È accaduto qualche anno fa e io volevo morire dalla vergogna. Sono subito scappata via dal bagno, rintanandomi nella mia stanza e mia madre mi ha raggiunto per un discorsetto anatomico piuttosto sgradevole.

Non scorderò mai le sue parole.

«Oh, ti assicuro che in certi momenti non ha niente di flaccido» risponde orgoglioso Giulio, ergendosi altezzoso.

Non capisco perché i maschi siano così vanitosi nei confronti di quel salsicciotto, noi non andiamo così fiere della nostra patata, o almeno non io; per me non ha nulla di speciale, anzi, a onore del vero è anche un po' bruttina.

«Siediti, cretino.»

Si ostina a mostrarsi ritto e si posiziona davanti a me, il mio sguardo, come attratto da una calamita, si poggia sul suo jeans dal cavallo basso, ma distolgo presto gli occhi, sentendomi una pervertita.

«Se me lo fissi tu non mi si alza, mi dispiace, altrimenti ti avrei dato una dimostrazione pratica, però quando un ragazzo si eccita, e se glielo guardi così, succede, gli si rigonfia sempre» specifica serio.

«Oh sì, te lo assicuro» risponde Diana, finora silenziosa.

Le lanciamo entrambi un'occhiataccia.

«E tu che ne sai, suor Diana?» la provoco.

Inizia a giocherellare con qualche ciocca di capelli, nervosa, e si intrappola il labbro fra i denti.

Ben ti sta, così impari a gongolare alle mie spalle!

«Ero curiosa» si giustifica, intimidita.

«Che hai fatto?» si allarma, Giulio.

«Io... ho visto un paio di video su YouPorn» confessa, abbassando lo sguardo.

Giulio tira un sospiro di sollievo, e si lascia ricadere sulla panchina.

«Pensavo quasi che l'avessi data.

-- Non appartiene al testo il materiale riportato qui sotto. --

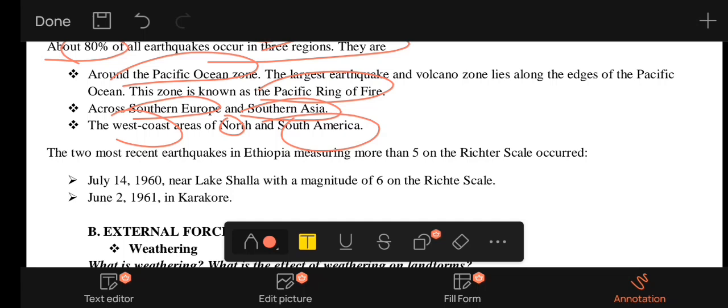The region of Ethiopia experiences earthquakes in the same way as other areas. The East African Rift in Ethiopia does not have any major isolated influence.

Comunque basta stronzate adesso, Resia, cosa devi dirci?»

Speravo avessero scordato la questione, che stupida!
Faccio un gran sospiro, stavolta non posso tergiversare, quindi, a malincuore, gli racconto ogni cosa: la nausea che provo quando Mattia mi è accanto, la mia strampalata confessione e per finire i sentimenti altalenanti che sento verso di lui.

Loro annuiscono lasciandomi rivelare tutto, e alla fine, quel che fuoriesce dalle loro labbra mi manda ulteriormente in confusione.

«Semplice» dice Giulio.

«Elementare» gli dà man forte Diana.

Li guardo stizzita.

«Ti piace, Resia» ribadiscono insieme.

Nego prontamente, ma dentro me so che hanno ragione e questa nuova consapevolezza mi spaventa ancora di più.